Re: BUG: btrfs send: Kernel's memory usage rises until OOM kernel panic after sending ~37GiB

From: Martin Raiber <martin@urbackup.org>
To: unlisted-recipients:; (no To-header on input)
Cc: linux-btrfs <linux-btrfs@vger.kernel.org>
Subject: Re: BUG: btrfs send: Kernel's memory usage rises until OOM kernel panic after sending ~37GiB
Date: Mon, 28 Oct 2019 14:58:12 +0000	[thread overview]
Message-ID: <0102016e12dfe1c8-e501c103-ced0-48d4-8f5b-99bead594dac-000000@eu-west-1.amazonses.com> (raw)
In-Reply-To: <CAL3q7H7B=dBmKNm7V6Pb13VKa2bWt9GjX25zh=e_7epqPx7LYA@mail.gmail.com>

On 28.10.2019 13:43 Filipe Manana wrote:
> On Mon, Oct 28, 2019 at 12:36 PM Qu Wenruo <quwenruo.btrfs@gmx.com> wrote:
>>
>>
>> On 2019/10/28 下午7:30, Filipe Manana wrote:
>>> On Sun, Oct 27, 2019 at 4:51 PM Atemu <atemu.main@gmail.com> wrote:
>>>>> It's really hard to determine, you could try the following command to
>>>>> determine:
>>>>> # btrfs ins dump-tree -t extent --bfs /dev/nvme/btrfs |\
>>>>>   grep "(.*_ITEM.*)" | awk '{print $4" "$5" "$6" size "$10}'
>>>>>
>>>>> Then which key is the most shown one and its size.
>>>>>
>>>>> If a key's objectid (the first value) shows up multiple times, it's a
>>>>> kinda heavily shared extent.
>>>>>
>>>>> Then search that objectid in the full extent tree dump, to find out how
>>>>> it's shared.
>>>> I analyzed it a bit differently but this should be the information we wanted:
>>>>
>>>> https://gist.github.com/Atemu/206c44cd46474458c083721e49d84a42
>>> That's quite a lot of extents shared many times.
>>> That indeed slows backreference walking and therefore send which uses it.
>>> While the slowdown is known, the memory consumption I wasn't aware of,
>>> but from your logs, it's not clear
>>> where it comes exactly from, something to be looked at.

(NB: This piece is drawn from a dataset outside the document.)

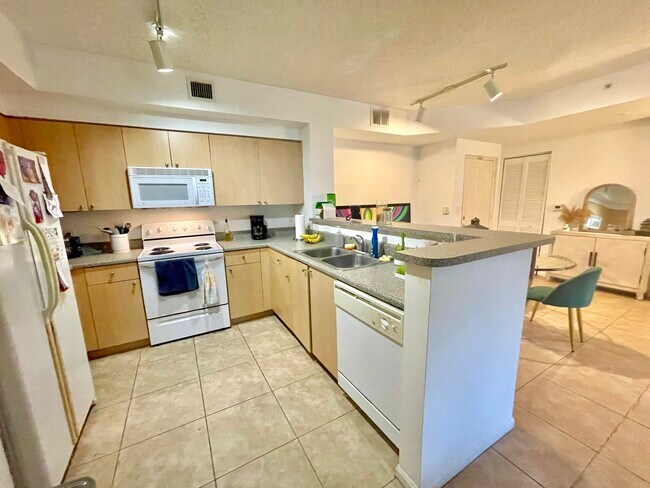 Building Photo - 8010 N Nob Hill Rd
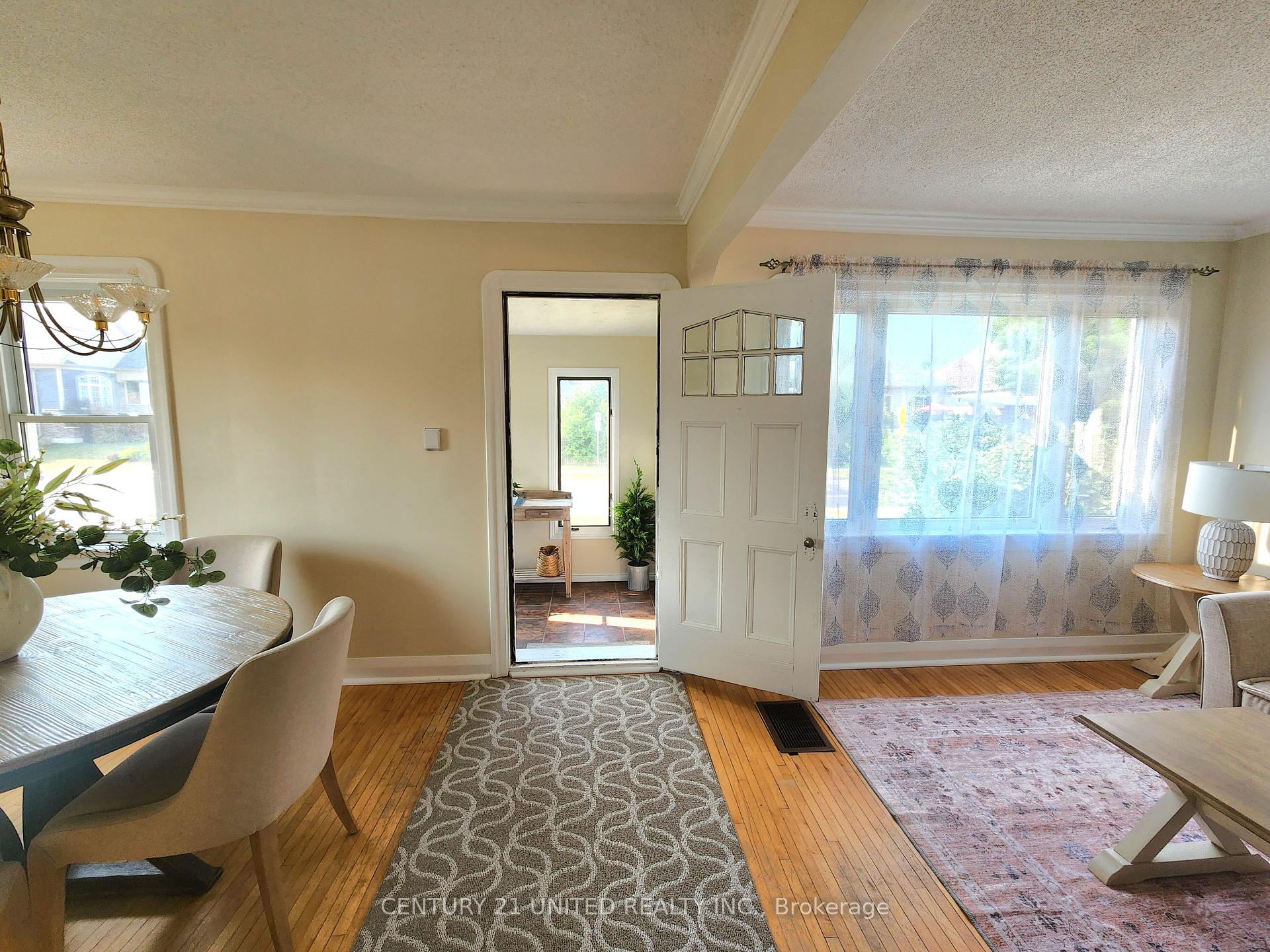 Photo 8 of 96 Montgomery Street, Peterborough, Otonabee Ward 1 — HOMEH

There's also a
>>> significant number of data checksum errors.
>>>
>>> I think in the meanwhile send can just skip backreference walking and
>>> attempt to clone whenever the number of
>>> backreferences for an inode exceeds some limit, in which case it would
>>> fallback to writes instead of cloning.
>> Long time ago I had a purpose to record sent extents in an rbtree, then
>> instead of do the full backref walk, go that rbtree walk instead.
>> That should still be way faster than full backref walk, and still have a
>> good enough hit rate.
> The problem of that is that it can use a lot of memory. We can have
> thousands of extents, tens of thousands, etc.
> Sure one can limit such cache to store up to some limit N, cache only
> the last N extents found (or some other policy), etc., but then either
> hits become so rare that it's nearly worthless or it's way too
> complex.
> Until the general backref walking speedups and caching is done (and
> honestly I don't know the state of that since who was working on that
> is no longer working on btrfs), a simple solution would be better IMO.
>
> Thanks.
Yeah, some short term plan to mitigate this would be appreciated. I am
running with this patch Qu Wenruo posted a while back:
https://patchwork.kernel.org/patch/9245287/

Some flag/switch/setting or limit to backref walking so this patch isn't
needed would be appreciated. Without this btrfs send is just too slow
once I have a few reflinks and snapshots. I haven't had a kernel panic,
though.

The problem is finding extents to reflink in the clone sources, correct?
My naive solution would be to create a (temporary) cache of (logical
extent) to (ino, offset) per send clone source. Then lookup every extent
in that cache. Maybe add a bloom filter as well (that should filter most
negatives). In some cases iterating over all extents in the clone
sources prior to the send operation would be faster than doing the
backref-walks during send. As an optimization it could be made
persistent and incrementally created from the parent snapshot's cache.
EXTENT_SAME would invalidate it/or it would need to update it.